§ **Data records**:
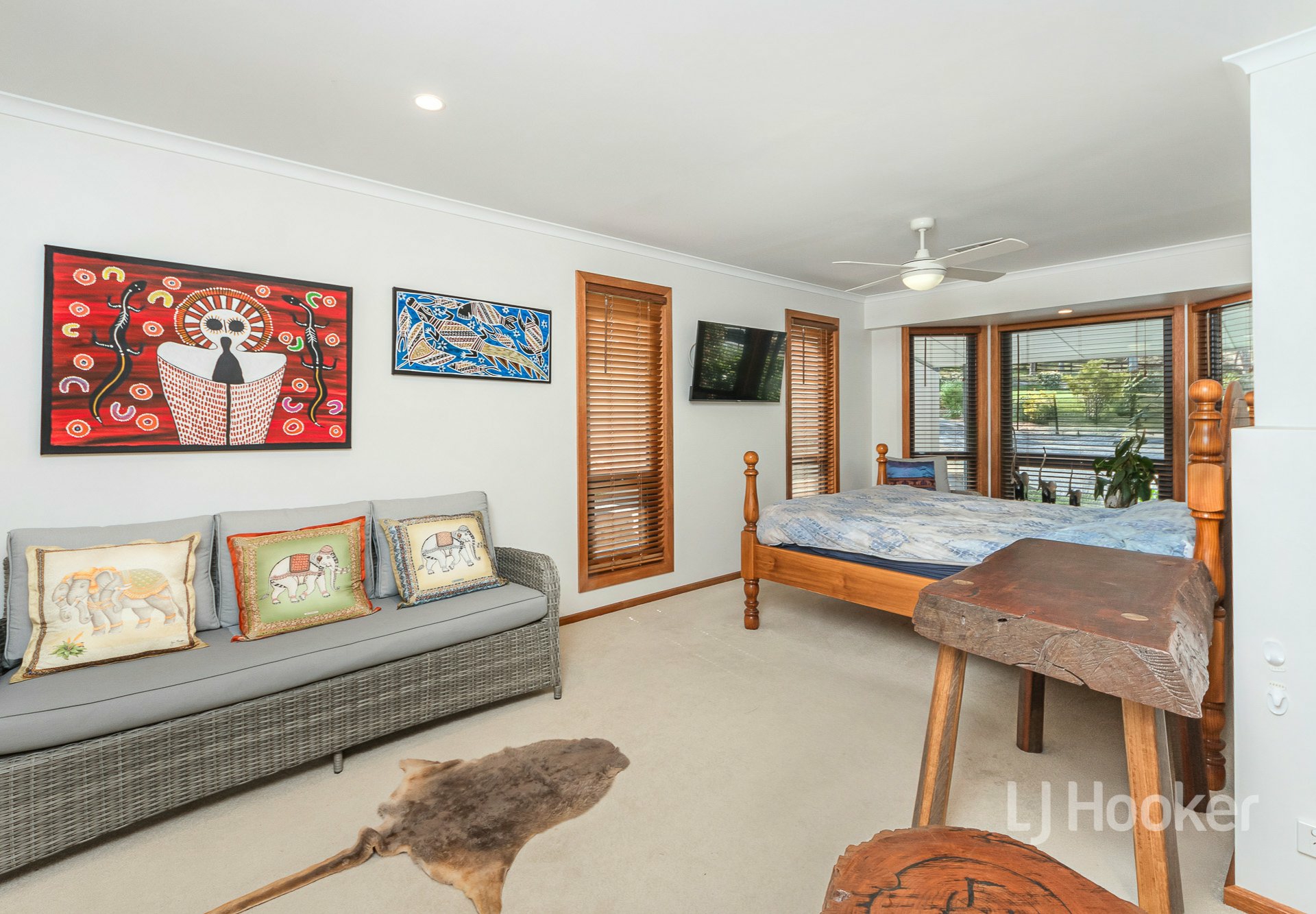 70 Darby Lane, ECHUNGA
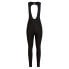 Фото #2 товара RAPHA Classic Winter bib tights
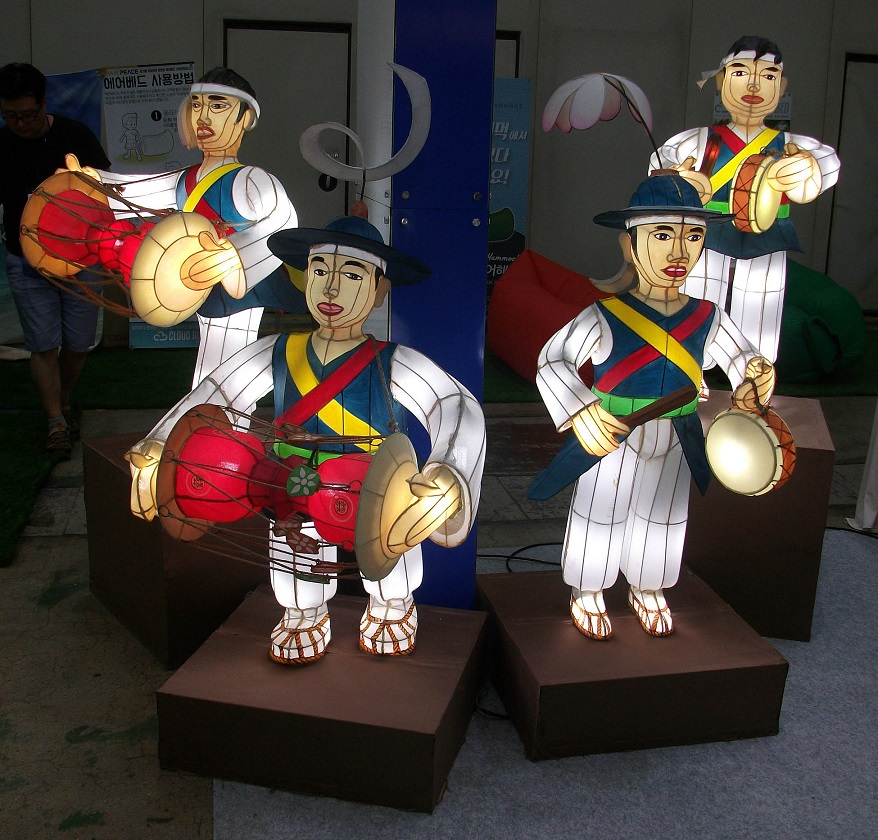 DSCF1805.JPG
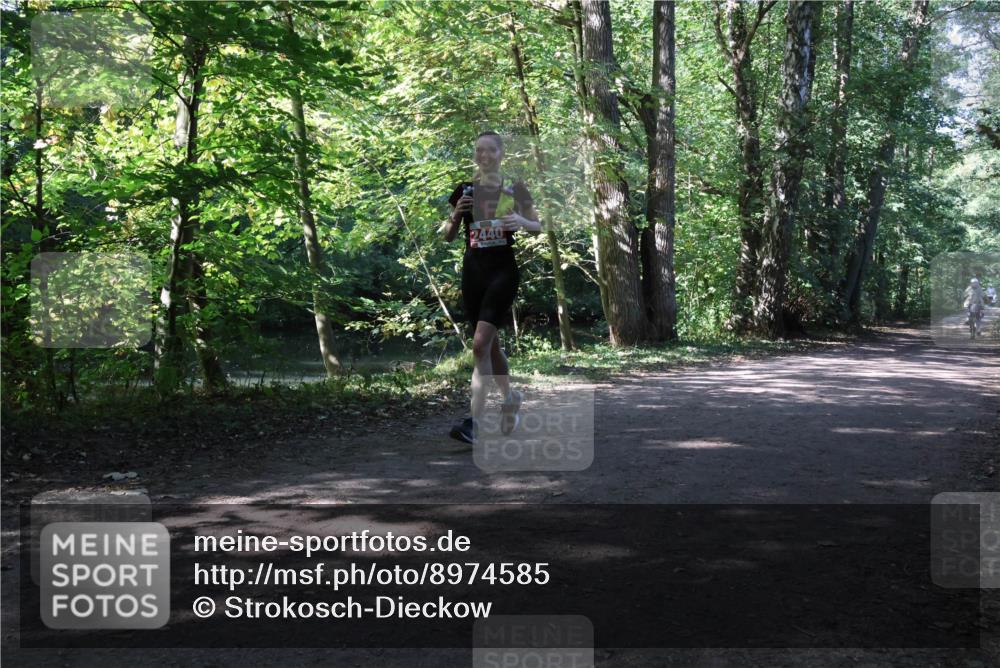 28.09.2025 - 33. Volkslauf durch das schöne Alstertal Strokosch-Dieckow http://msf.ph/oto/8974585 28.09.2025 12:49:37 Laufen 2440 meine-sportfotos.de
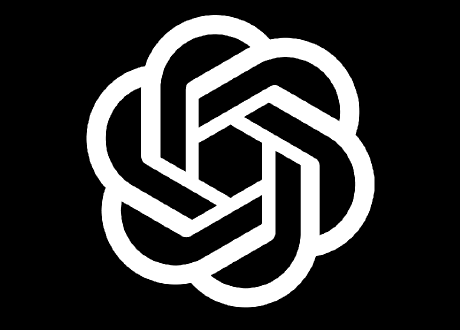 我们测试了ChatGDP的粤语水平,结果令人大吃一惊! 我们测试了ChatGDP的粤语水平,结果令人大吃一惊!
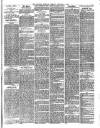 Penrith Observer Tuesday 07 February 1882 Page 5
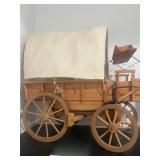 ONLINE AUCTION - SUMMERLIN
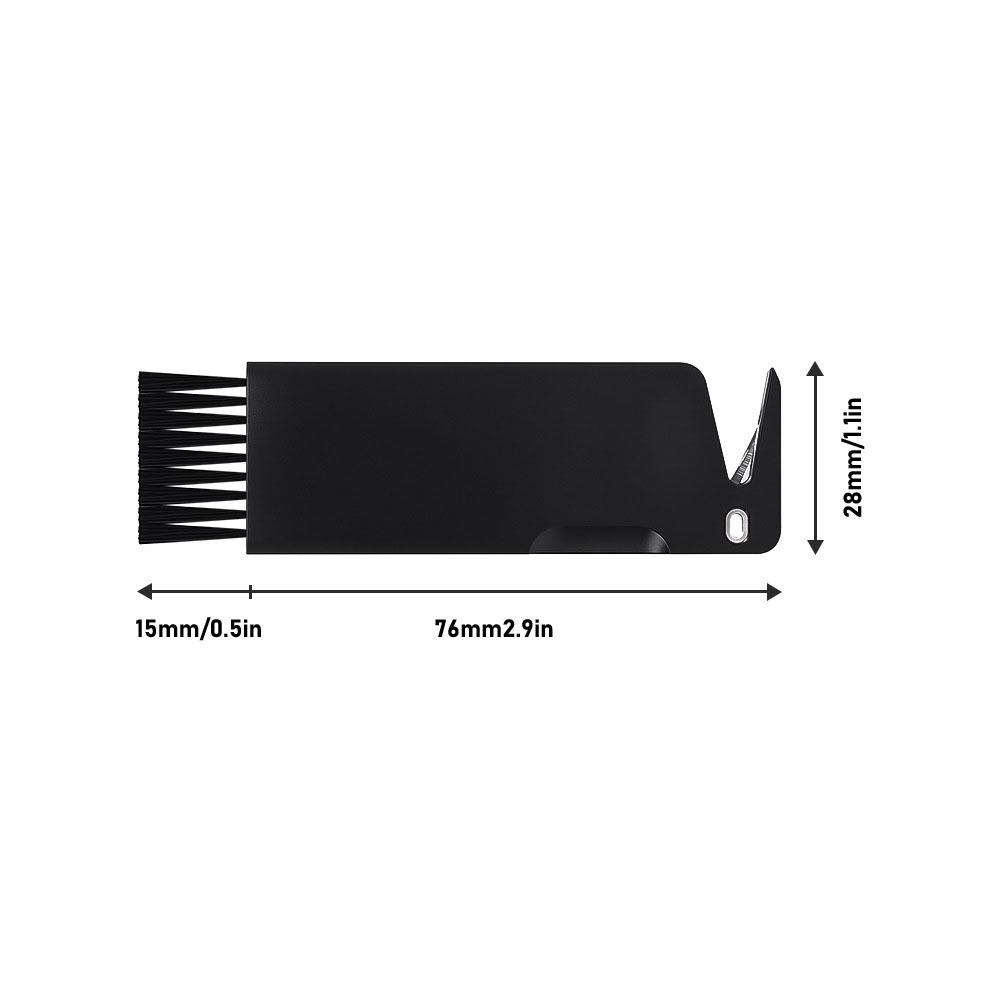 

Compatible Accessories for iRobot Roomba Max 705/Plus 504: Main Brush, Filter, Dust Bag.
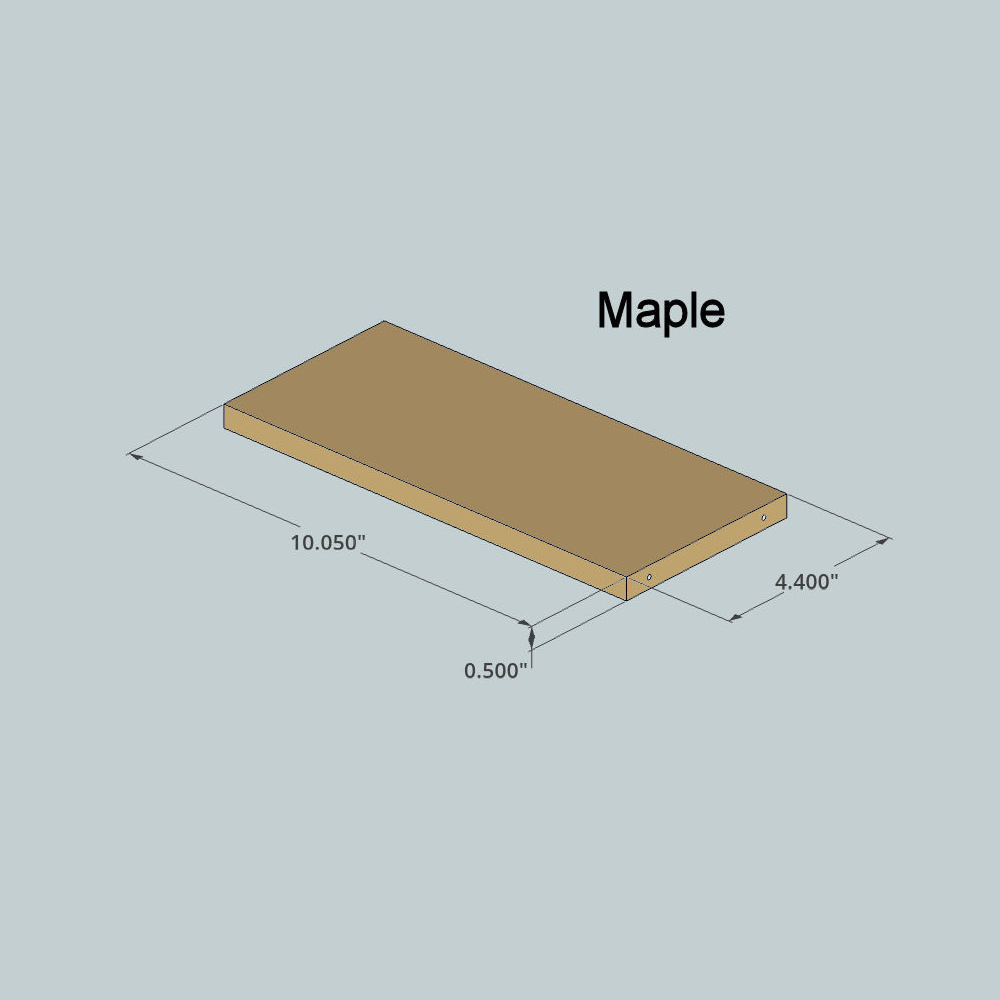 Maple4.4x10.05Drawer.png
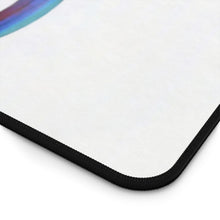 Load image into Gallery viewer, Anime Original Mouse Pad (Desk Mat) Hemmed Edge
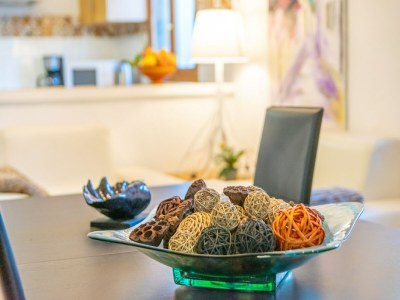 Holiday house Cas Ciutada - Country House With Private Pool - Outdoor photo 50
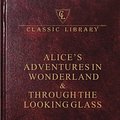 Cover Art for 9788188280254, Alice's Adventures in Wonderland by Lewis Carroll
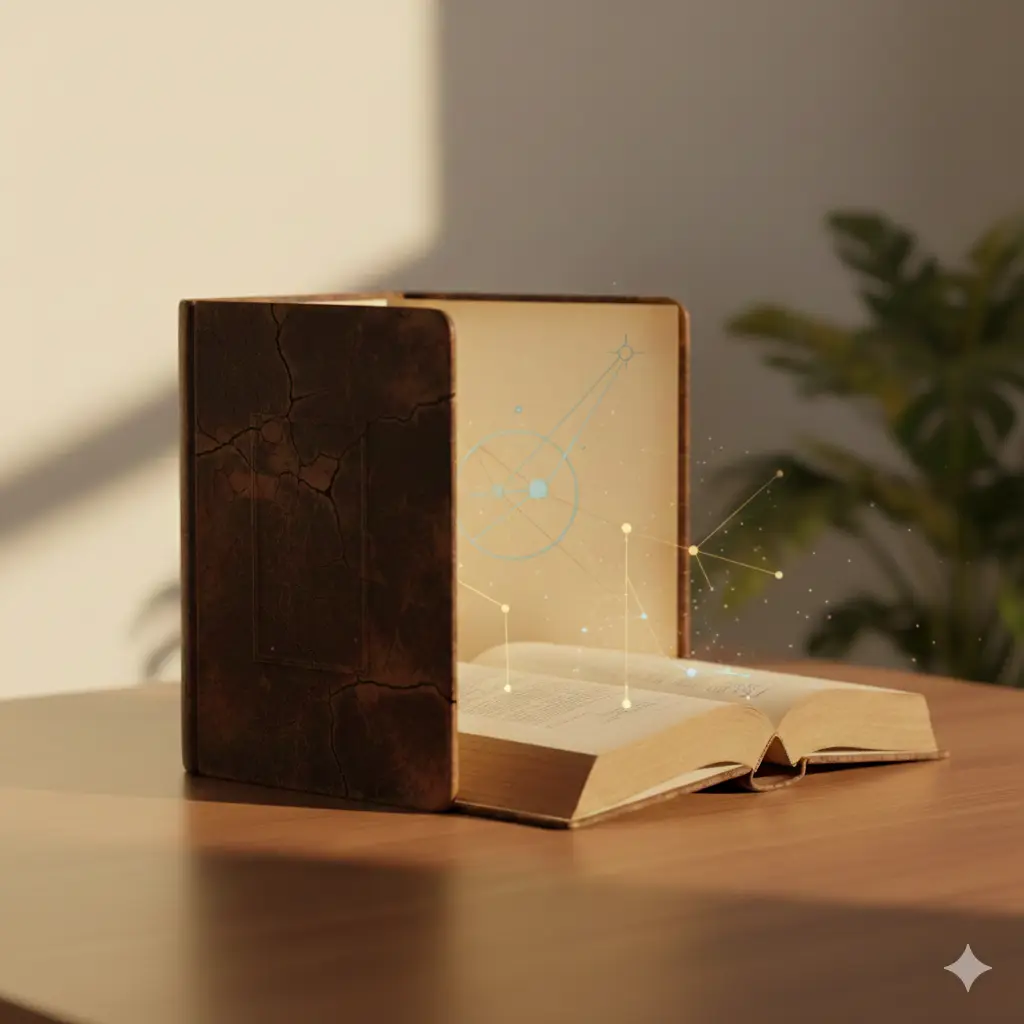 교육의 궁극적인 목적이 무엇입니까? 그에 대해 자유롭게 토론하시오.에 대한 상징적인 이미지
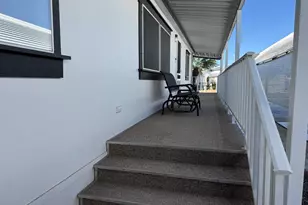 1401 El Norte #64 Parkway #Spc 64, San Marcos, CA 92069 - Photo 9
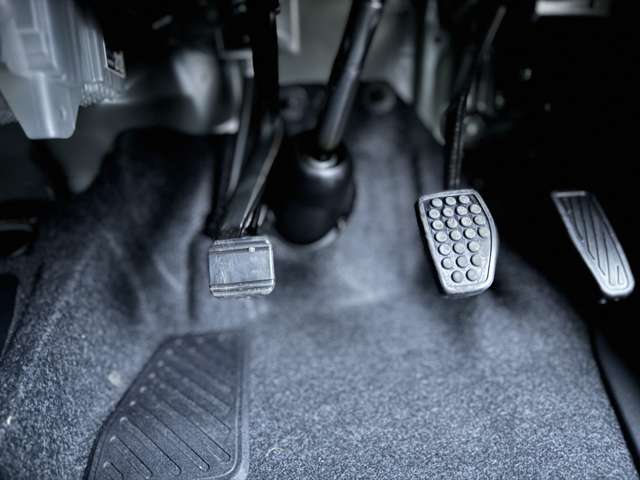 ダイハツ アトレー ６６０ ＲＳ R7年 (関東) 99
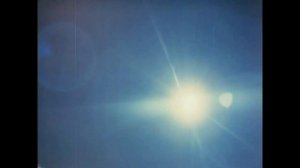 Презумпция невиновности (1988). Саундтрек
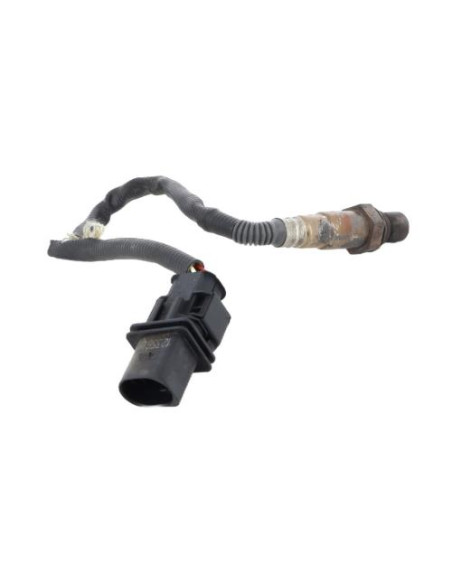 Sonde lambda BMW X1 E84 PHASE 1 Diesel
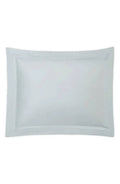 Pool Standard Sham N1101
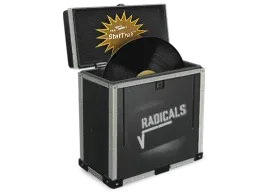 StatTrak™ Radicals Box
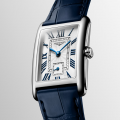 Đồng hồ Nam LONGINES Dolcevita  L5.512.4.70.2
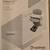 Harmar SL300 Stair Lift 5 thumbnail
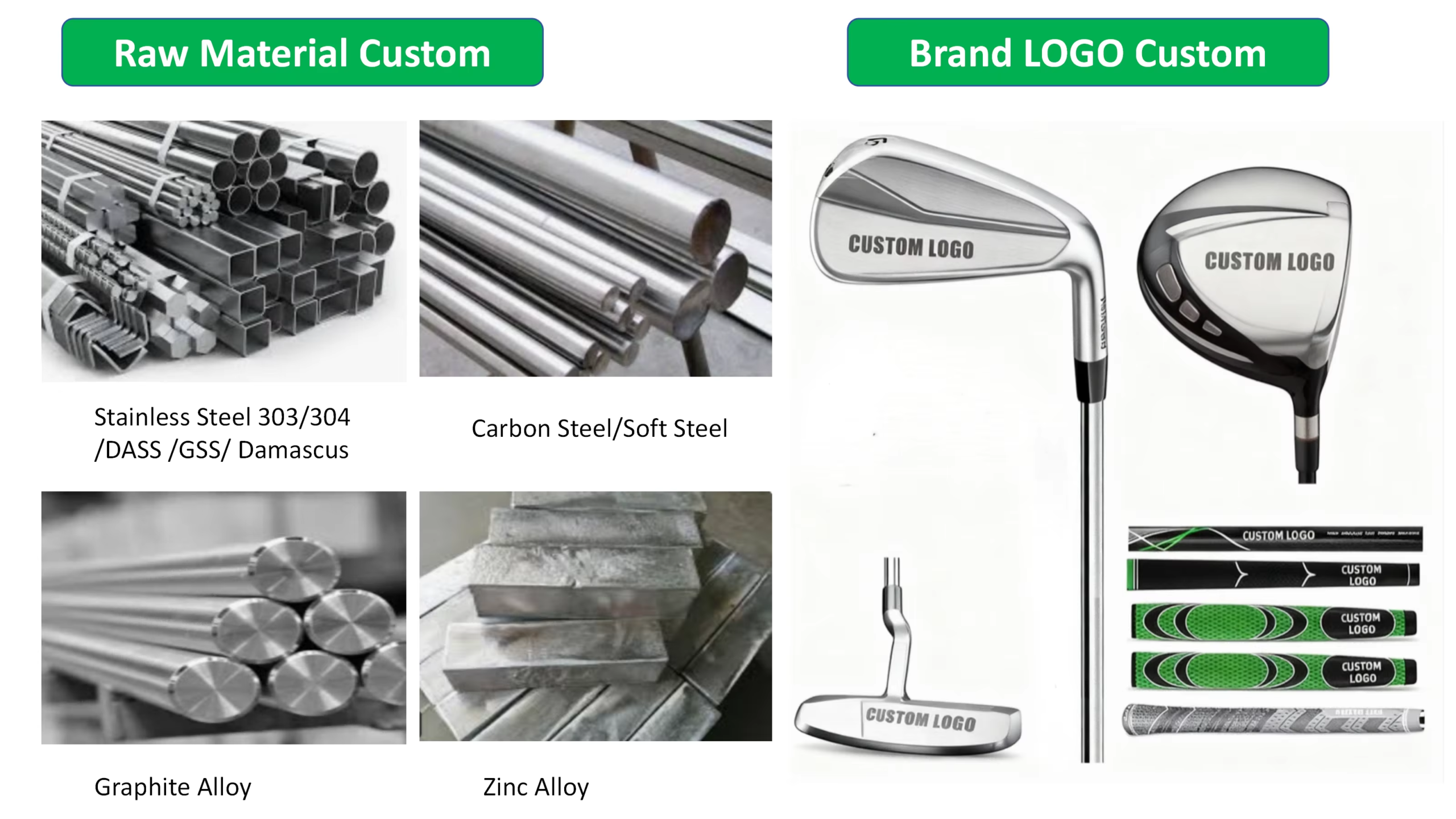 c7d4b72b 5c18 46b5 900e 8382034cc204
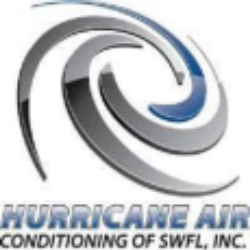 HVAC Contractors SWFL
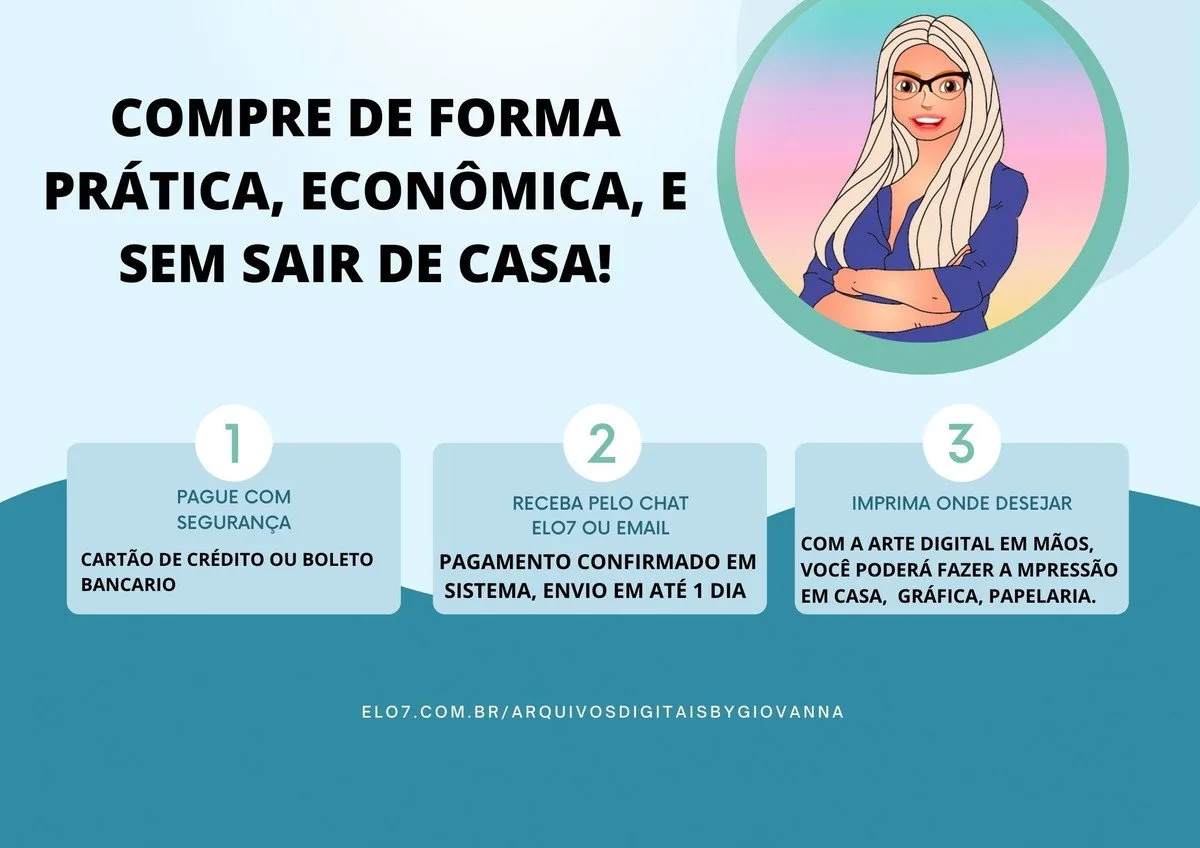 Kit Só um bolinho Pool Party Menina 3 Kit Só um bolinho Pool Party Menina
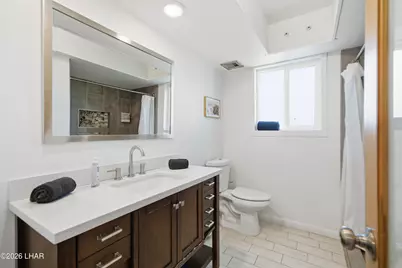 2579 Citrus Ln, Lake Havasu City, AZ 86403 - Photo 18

§ **Your goal**:
Give back exactly, and only, the lines from the one holding "我们测试了ChatGDP的粤语水平,结果令人大吃一惊! 我们测试了ChatGDP的粤语水平,结果令人大吃一惊!" through the last line of the entries, with every picture omitted.

§ **Solution to the problem**:
 我们测试了ChatGDP的粤语水平,结果令人大吃一惊! 我们测试了ChatGDP的粤语水平,结果令人大吃一惊!
 Penrith Observer Tuesday 07 February 1882 Page 5
 ONLINE AUCTION - SUMMERLIN

Compatible Accessories for iRobot Roomba Max 705/Plus 504: Main Brush, Filter, Dust Bag.
 Maple4.4x10.05Drawer.png
 Load image into Gallery viewer, Anime Original Mouse Pad (Desk Mat) Hemmed Edge
 Holiday house Cas Ciutada - Country House With Private Pool - Outdoor photo 50
 Cover Art for 9788188280254, Alice's Adventures in Wonderland by Lewis Carroll
 교육의 궁극적인 목적이 무엇입니까? 그에 대해 자유롭게 토론하시오.에 대한 상징적인 이미지
 1401 El Norte #64 Parkway #Spc 64, San Marcos, CA 92069 - Photo 9
 ダイハツ アトレー ６６０ ＲＳ R7年 (関東) 99
 Презумпция невиновности (1988). Саундтрек
 Sonde lambda BMW X1 E84 PHASE 1 Diesel
 Pool Standard Sham N1101
 StatTrak™ Radicals Box
 Đồng hồ Nam LONGINES Dolcevita  L5.512.4.70.2
 Harmar SL300 Stair Lift 5 thumbnail
 c7d4b72b 5c18 46b5 900e 8382034cc204
 HVAC Contractors SWFL
 Kit Só um bolinho Pool Party Menina 3 Kit Só um bolinho Pool Party Menina
 2579 Citrus Ln, Lake Havasu City, AZ 86403 - Photo 18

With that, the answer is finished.